In the grand scheme of things, the two most well known, infamous rust-belt cities in America are Detroit and Gary. Both suffered the same sort of downfall from the 1980s onwards, and both have a similar percentage of abandoned structures for their size. This however is where the similarities end. I had looked at doing both Detroit and Gary during my trip but for various reasons the visit to Detroit didn't happen - only one of those reasons being the amount of horror stories I have heard recently about photographers being targeted, being mugged, attacked or even shot whilst photographing abandoned parts of Detroit. Gary I had heard some bad things about, of course, but in comparison with Detroit it seemed like the 'safer' option. After all, if a city loses 90% of it's population over the last three decades that means there are 90% less people who could possibly attack you!

So we eventually stepped off the train in Gary Transportation Center, one of the few things that is open and through the doors into a different realm...I still to this day remember the feeling I first got when I stepped foot in an abandonment, and stepping foot in Gary for the first time was another of those feelings I won't forget. It's a large city, but the silence and desertion is like nothing I've ever experienced before. It was so quiet, you'd be forgiven for thinking you were in the middle of nowhere. Nobody walking down the streets that we could see initially, buildings everywhere derelict and wide open to the elements.
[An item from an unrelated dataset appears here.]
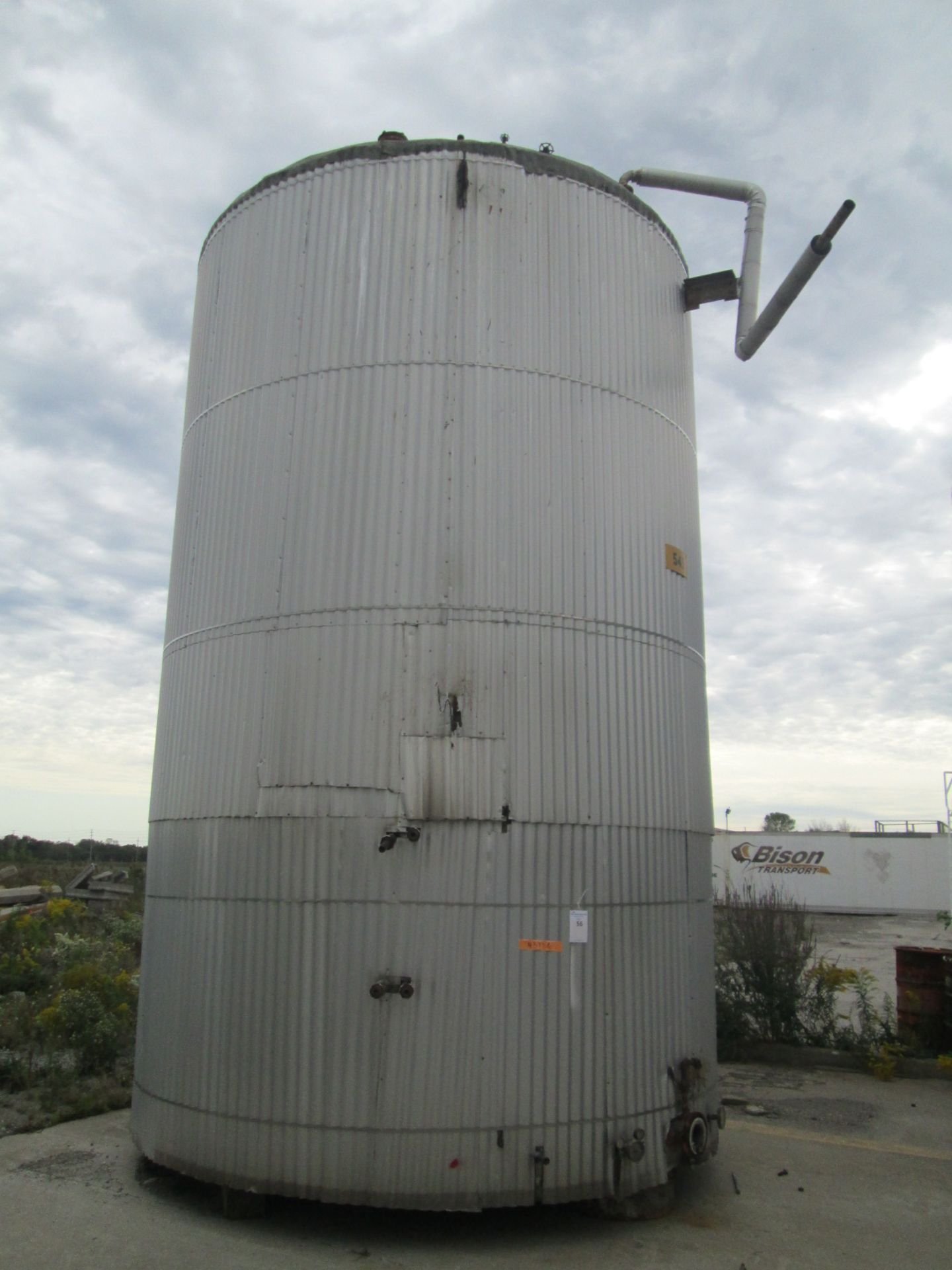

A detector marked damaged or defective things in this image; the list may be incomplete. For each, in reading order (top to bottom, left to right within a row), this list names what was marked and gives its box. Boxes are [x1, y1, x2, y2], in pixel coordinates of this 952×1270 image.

rusty barrel [898, 945, 949, 1051]
cracked concrete ground [1, 1062, 952, 1270]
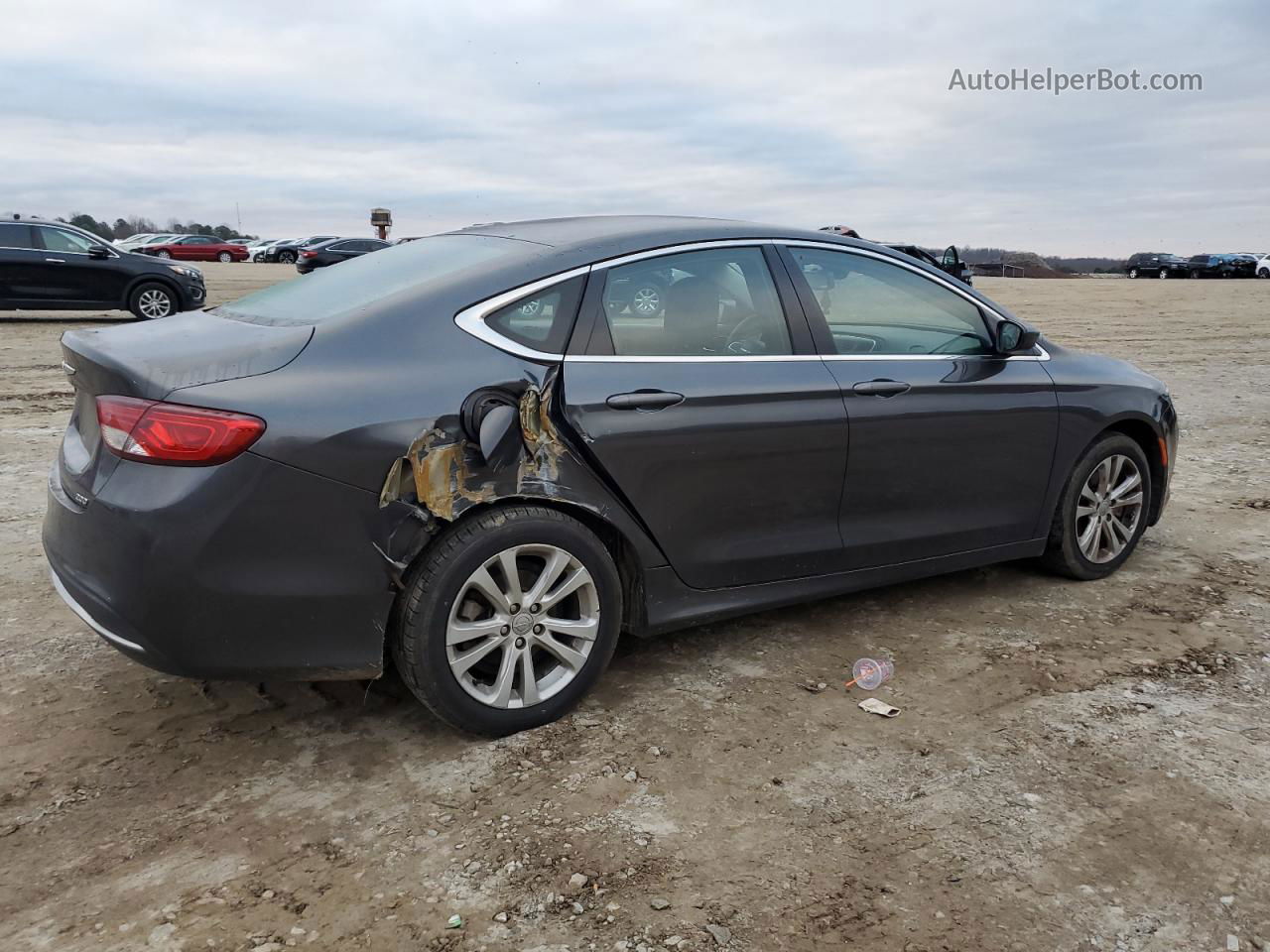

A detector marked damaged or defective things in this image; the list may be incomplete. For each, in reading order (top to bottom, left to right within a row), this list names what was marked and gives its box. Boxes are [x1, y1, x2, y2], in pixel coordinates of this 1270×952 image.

No cars on the roads, parked or driving. 

First port of call was, naturally, the most iconic derelict building in the whole city of Gary, one of the most instantly recognisable derelict buildings in the whole of the United States and a symbol of the decay which has befallen the city over the last three decades - Gary's Methodist Church. In the days leading up to our visit, a storm had brought a large portion of the roof down in the sanctuary.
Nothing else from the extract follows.